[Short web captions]

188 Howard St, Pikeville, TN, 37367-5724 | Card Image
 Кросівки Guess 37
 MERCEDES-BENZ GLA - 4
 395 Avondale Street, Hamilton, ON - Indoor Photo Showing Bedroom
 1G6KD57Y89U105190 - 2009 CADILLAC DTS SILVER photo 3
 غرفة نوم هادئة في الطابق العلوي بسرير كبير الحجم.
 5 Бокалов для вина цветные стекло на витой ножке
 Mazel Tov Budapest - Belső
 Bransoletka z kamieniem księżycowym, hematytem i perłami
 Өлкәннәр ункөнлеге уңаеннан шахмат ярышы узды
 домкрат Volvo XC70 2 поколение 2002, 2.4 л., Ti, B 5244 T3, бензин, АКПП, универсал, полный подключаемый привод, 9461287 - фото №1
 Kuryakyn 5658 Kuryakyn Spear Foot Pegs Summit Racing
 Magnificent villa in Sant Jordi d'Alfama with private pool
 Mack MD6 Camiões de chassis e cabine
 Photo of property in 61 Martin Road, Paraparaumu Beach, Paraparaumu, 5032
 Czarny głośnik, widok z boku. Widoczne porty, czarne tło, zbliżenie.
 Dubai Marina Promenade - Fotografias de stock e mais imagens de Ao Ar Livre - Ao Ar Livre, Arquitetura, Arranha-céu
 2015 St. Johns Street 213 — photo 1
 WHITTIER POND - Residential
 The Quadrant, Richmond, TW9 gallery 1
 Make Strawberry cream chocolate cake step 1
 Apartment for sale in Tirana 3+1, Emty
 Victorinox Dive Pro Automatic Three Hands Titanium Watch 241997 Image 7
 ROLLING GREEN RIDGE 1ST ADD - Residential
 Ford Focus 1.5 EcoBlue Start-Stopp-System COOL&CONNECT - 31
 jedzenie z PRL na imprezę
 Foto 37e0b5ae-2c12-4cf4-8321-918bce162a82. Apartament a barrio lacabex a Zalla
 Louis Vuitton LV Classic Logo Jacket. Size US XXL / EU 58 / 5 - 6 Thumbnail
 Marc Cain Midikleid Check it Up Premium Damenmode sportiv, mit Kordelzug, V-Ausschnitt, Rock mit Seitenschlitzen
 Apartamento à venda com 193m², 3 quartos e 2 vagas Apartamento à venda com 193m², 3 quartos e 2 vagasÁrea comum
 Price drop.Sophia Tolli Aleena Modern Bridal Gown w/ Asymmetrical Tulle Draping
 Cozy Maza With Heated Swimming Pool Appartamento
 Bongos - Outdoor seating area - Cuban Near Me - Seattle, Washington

**Your task:**
Only the lines from the start of the data to the line holding "ROLLING GREEN RIDGE 1ST ADD - Residential" are wanted; return them exactly, both ends included.

**Task answer:**
188 Howard St, Pikeville, TN, 37367-5724 | Card Image
 Кросівки Guess 37
 MERCEDES-BENZ GLA - 4
 395 Avondale Street, Hamilton, ON - Indoor Photo Showing Bedroom
 1G6KD57Y89U105190 - 2009 CADILLAC DTS SILVER photo 3
 غرفة نوم هادئة في الطابق العلوي بسرير كبير الحجم.
 5 Бокалов для вина цветные стекло на витой ножке
 Mazel Tov Budapest - Belső
 Bransoletka z kamieniem księżycowym, hematytem i perłami
 Өлкәннәр ункөнлеге уңаеннан шахмат ярышы узды
 домкрат Volvo XC70 2 поколение 2002, 2.4 л., Ti, B 5244 T3, бензин, АКПП, универсал, полный подключаемый привод, 9461287 - фото №1
 Kuryakyn 5658 Kuryakyn Spear Foot Pegs Summit Racing
 Magnificent villa in Sant Jordi d'Alfama with private pool
 Mack MD6 Camiões de chassis e cabine
 Photo of property in 61 Martin Road, Paraparaumu Beach, Paraparaumu, 5032
 Czarny głośnik, widok z boku. Widoczne porty, czarne tło, zbliżenie.
 Dubai Marina Promenade - Fotografias de stock e mais imagens de Ao Ar Livre - Ao Ar Livre, Arquitetura, Arranha-céu
 2015 St. Johns Street 213 — photo 1
 WHITTIER POND - Residential
 The Quadrant, Richmond, TW9 gallery 1
 Make Strawberry cream chocolate cake step 1
 Apartment for sale in Tirana 3+1, Emty
 Victorinox Dive Pro Automatic Three Hands Titanium Watch 241997 Image 7
 ROLLING GREEN RIDGE 1ST ADD - Residential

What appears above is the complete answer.